Q: What are the best books about Warren Buffett? — P.L., Wilkes Barre, Pennsylvania
A: Try Roger Lowenstein’s “Buffett: The Making of an American Capitalist” (Random House, $20) for a great review of his personal and business history, along with his investment thinking. You can learn a lot through Buffett’s own words via Carol J. Loomis’ “Tap Dancing to Work: Warren Buffett on Practically Everything, 1966-2013” (Portfolio, $18) and Lawrence A. Cunningham’s “The Essays of Warren Buffett: Lessons for Corporate America” (Carolina Academic Press, $35).
Fool’s School
Medicare Advantage Plans
Anyone signing up for Medicare gets to choose either “original Medicare” or a Medicare Advantage plan. (They can switch between them at least once a year, too, during the annual enrollment period.) Close to 38 million people were recently enrolled in original Medicare — which consists of Part A (hospital services) and Part B (medical services) — while more than 23 million had chosen a Medicare Advantage plan (sometimes referred to as Part C).

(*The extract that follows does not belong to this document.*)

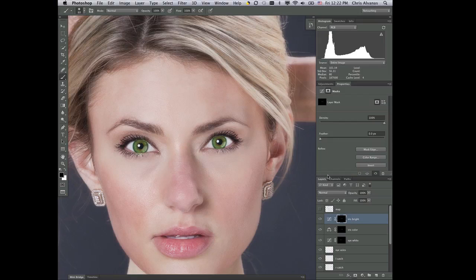We're getting close to the final aspects of this. We need to build some shape back in, and what we're gonna do is we're gonna do this with adjustment layers.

Medicare Advantage plans are well worth considering. Offered by private insurance companies such as Anthem Blue Cross and UnitedHealthcare, they’re regulated by the U.S. government. This is key: They’re required to provide at least as much coverage as original Medicare — and they typically offer much more.
While original Medicare doesn’t cover vision, hearing and/or dental care, many Medicare Advantage plans do; they often include prescription drug coverage, too, which those in original Medicare have to pay extra for. Original Medicare will often charge you 20% of many bills, with no upper limit, while Medicare Advantage plans might charge you a low copayment for each doctor visit or service — and they cap your out-of-pocket spending. There are some drawbacks, though. While original Medicare lets you see any health care provider who accepts Medicare, Medicare Advantage plans typically limit you to a network of doctors — though these networks can be large. Original Medicare usually won’t cover you outside the U.S., but some Medicare Advantage plans offer limited coverage abroad. So, what’s best for you? Start by making a list of the prescription drugs you take and the doctors you see. Also list the kinds of health care services you need and use, noting any upcoming surgeries, travel or big-ticket expenses. When reviewing the plans you’re considering, compare how well each will meet your needs — and how much you’ll likely spend out of pocket with each option.
The Medicare.gov website offers a “Medicare Plan Finder” to help you compare and choose. Note the star ratings of your candidate plans and favor four- or five-star plans.